● **TASK DETAILS**: Will you output the entries below exactly, skipping every image they contain?

* * *

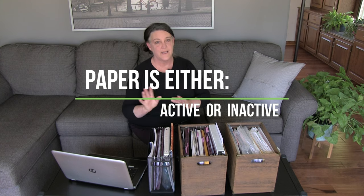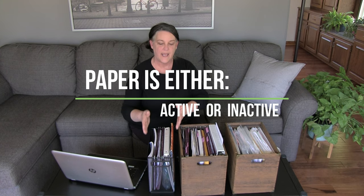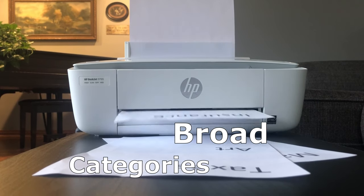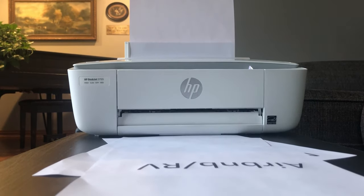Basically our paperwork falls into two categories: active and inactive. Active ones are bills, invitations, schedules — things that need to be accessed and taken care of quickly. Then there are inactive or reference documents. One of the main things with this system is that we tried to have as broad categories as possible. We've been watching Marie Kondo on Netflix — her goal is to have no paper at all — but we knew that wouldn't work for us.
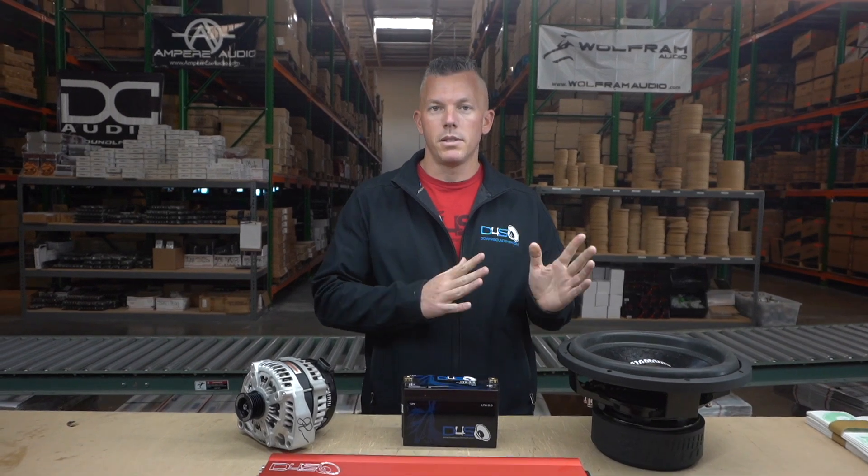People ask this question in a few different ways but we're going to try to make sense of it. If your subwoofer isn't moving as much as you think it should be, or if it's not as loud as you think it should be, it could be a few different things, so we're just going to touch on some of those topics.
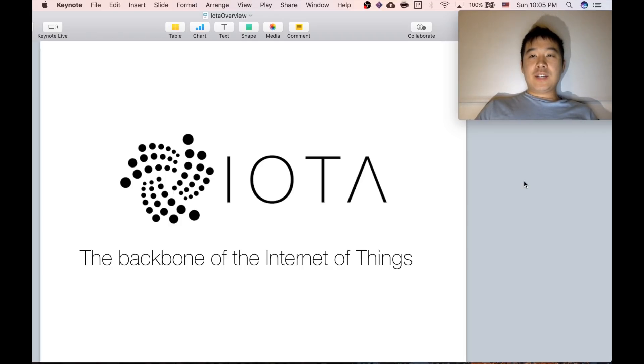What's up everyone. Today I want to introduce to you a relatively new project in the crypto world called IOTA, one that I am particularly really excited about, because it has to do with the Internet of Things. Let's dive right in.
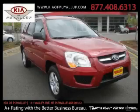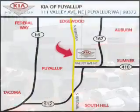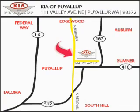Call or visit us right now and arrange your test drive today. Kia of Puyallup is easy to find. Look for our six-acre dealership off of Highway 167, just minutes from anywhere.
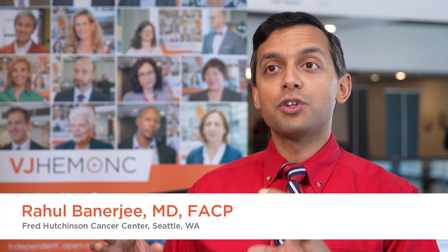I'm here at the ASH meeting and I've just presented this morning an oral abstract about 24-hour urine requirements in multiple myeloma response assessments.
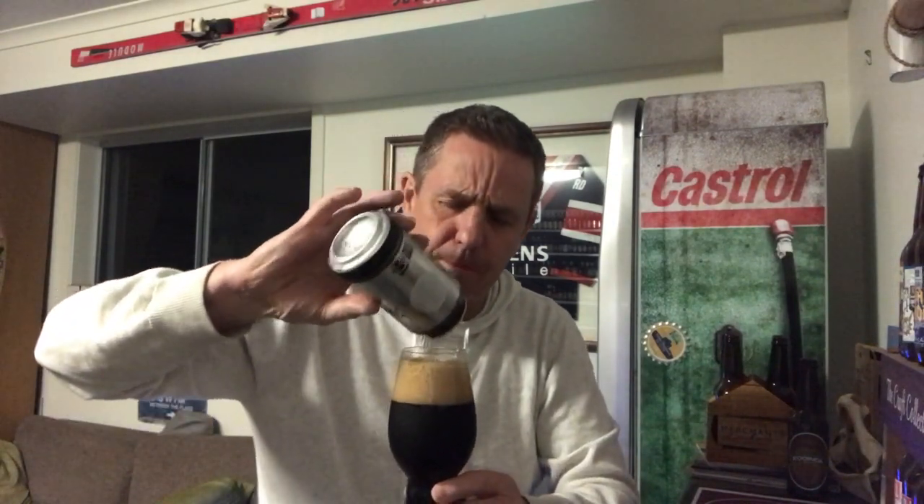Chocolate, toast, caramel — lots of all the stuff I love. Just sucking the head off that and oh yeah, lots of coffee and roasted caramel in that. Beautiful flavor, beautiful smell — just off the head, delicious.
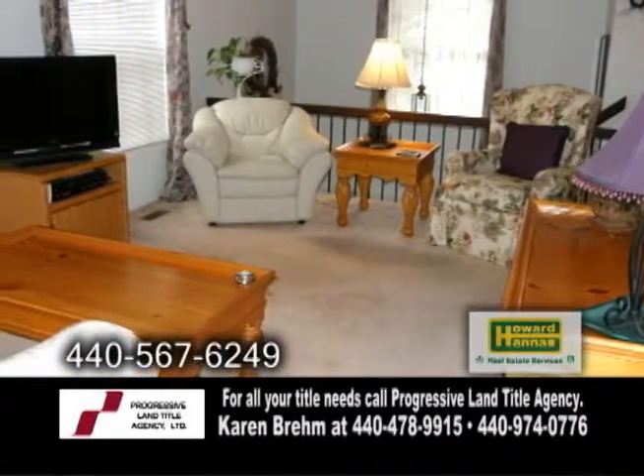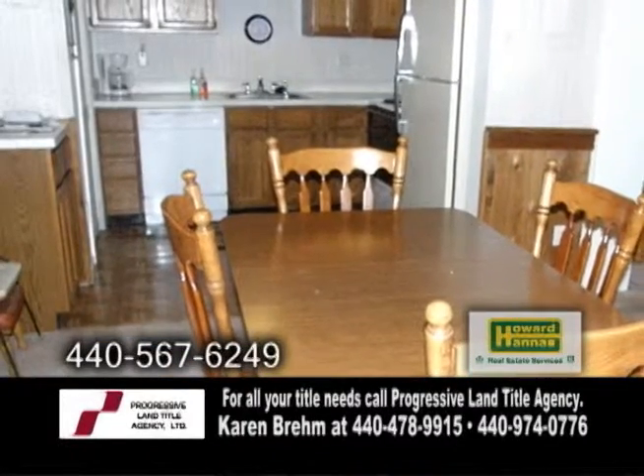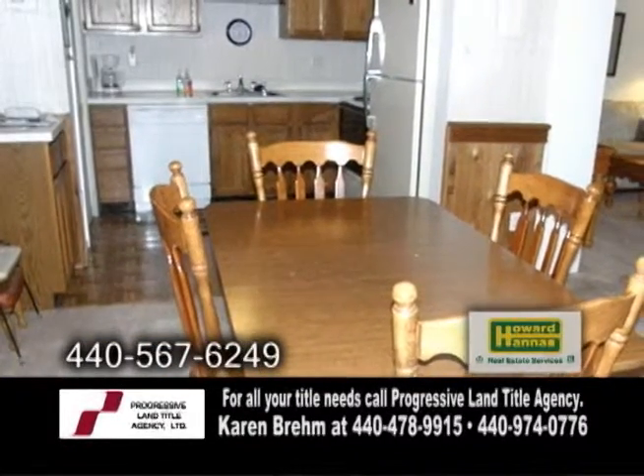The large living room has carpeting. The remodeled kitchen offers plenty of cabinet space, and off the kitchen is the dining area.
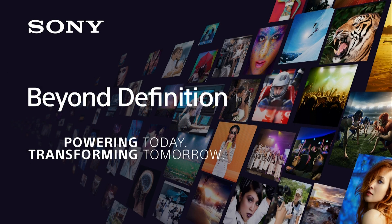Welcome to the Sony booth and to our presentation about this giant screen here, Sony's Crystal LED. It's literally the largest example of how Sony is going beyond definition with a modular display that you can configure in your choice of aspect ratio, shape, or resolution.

* * *

● **RESPONSE TO THE TASK**:
Basically our paperwork falls into two categories: active and inactive. Active ones are bills, invitations, schedules — things that need to be accessed and taken care of quickly. Then there are inactive or reference documents. One of the main things with this system is that we tried to have as broad categories as possible. We've been watching Marie Kondo on Netflix — her goal is to have no paper at all — but we knew that wouldn't work for us.
People ask this question in a few different ways but we're going to try to make sense of it. If your subwoofer isn't moving as much as you think it should be, or if it's not as loud as you think it should be, it could be a few different things, so we're just going to touch on some of those topics.
What's up everyone. Today I want to introduce to you a relatively new project in the crypto world called IOTA, one that I am particularly really excited about, because it has to do with the Internet of Things. Let's dive right in.
Call or visit us right now and arrange your test drive today. Kia of Puyallup is easy to find. Look for our six-acre dealership off of Highway 167, just minutes from anywhere.
I'm here at the ASH meeting and I've just presented this morning an oral abstract about 24-hour urine requirements in multiple myeloma response assessments.
Chocolate, toast, caramel — lots of all the stuff I love. Just sucking the head off that and oh yeah, lots of coffee and roasted caramel in that. Beautiful flavor, beautiful smell — just off the head, delicious.
The large living room has carpeting. The remodeled kitchen offers plenty of cabinet space, and off the kitchen is the dining area.
Welcome to the Sony booth and to our presentation about this giant screen here, Sony's Crystal LED. It's literally the largest example of how Sony is going beyond definition with a modular display that you can configure in your choice of aspect ratio, shape, or resolution.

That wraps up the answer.